Data for the task: Begin
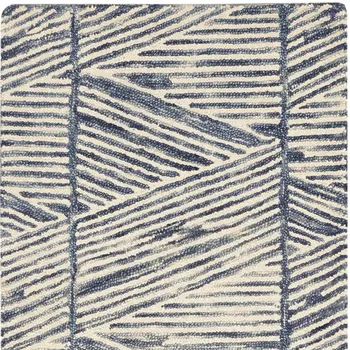 8' Blue and White Wool Abstract Runner Rug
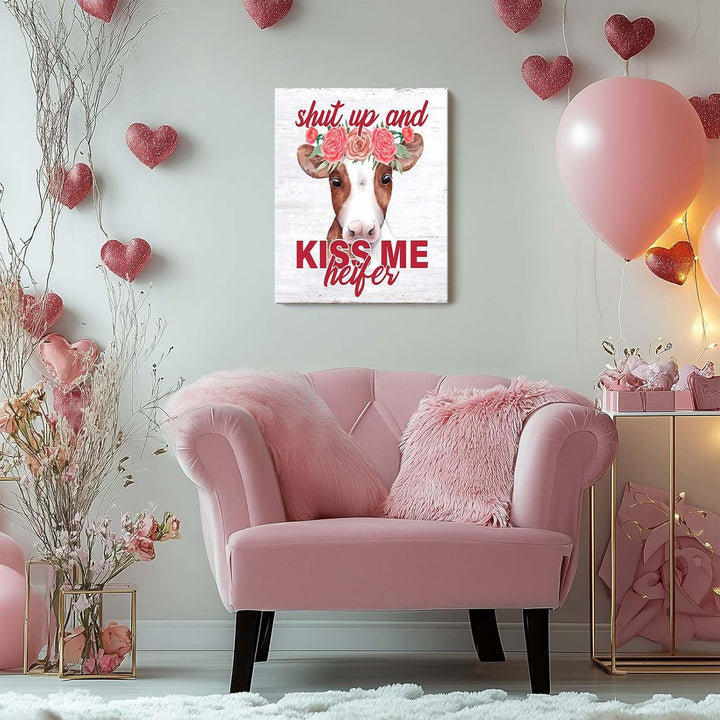 "Shut up and kiss me, heifer." Funny Cow with Floral Crow, Humorous Rustic Farmhouse Print Canvas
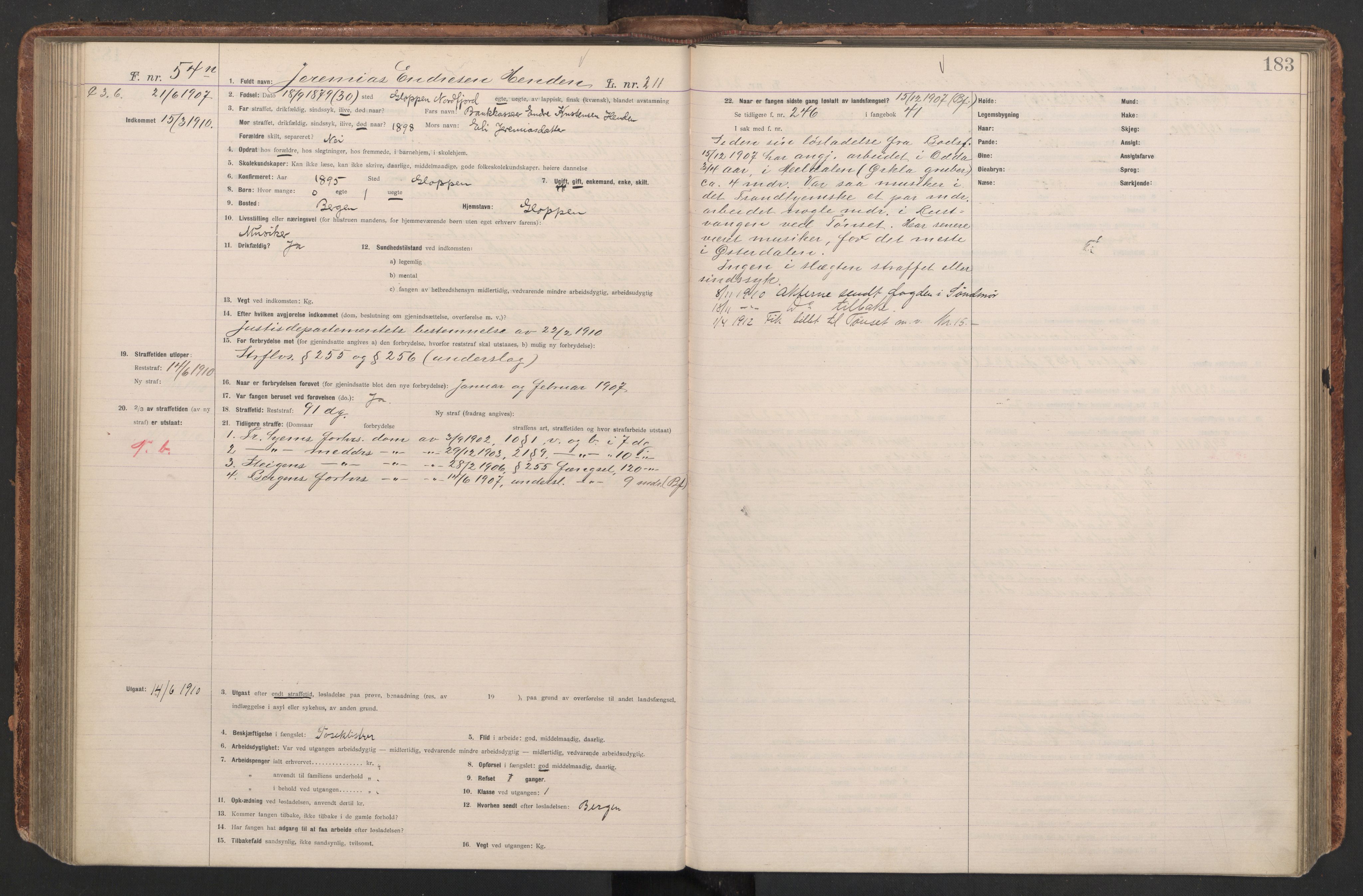 Botsfengslet, AV/RA-S-1539/D/Db/Dbb/L0043: 872m - 212n, 1909-1910, p. 183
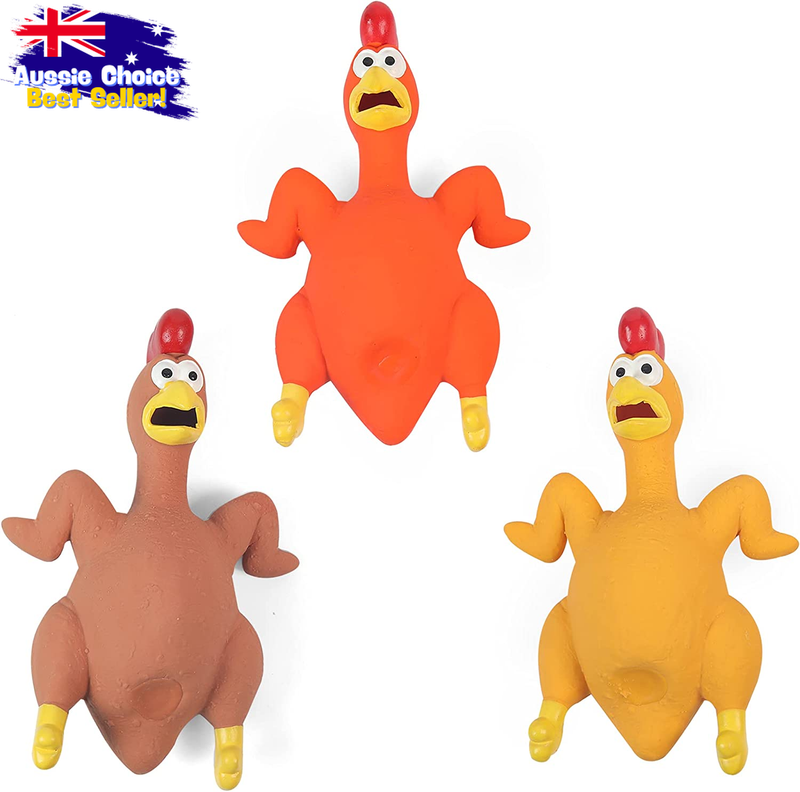 3-Pack Rubber Chicken Dog Toys - Squeaky Fetch Toys for All Breeds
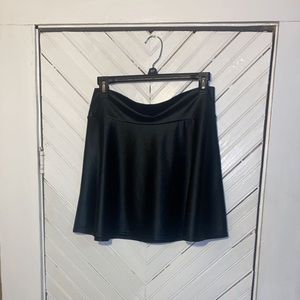 Faux Leather Circle Skirt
Data for the task: End
Leave every picture out and write out exactly the lines from the line with "3-Pack Rubber Chicken" through the last line of the material.

 3-Pack Rubber Chicken Dog Toys - Squeaky Fetch Toys for All Breeds
 Faux Leather Circle Skirt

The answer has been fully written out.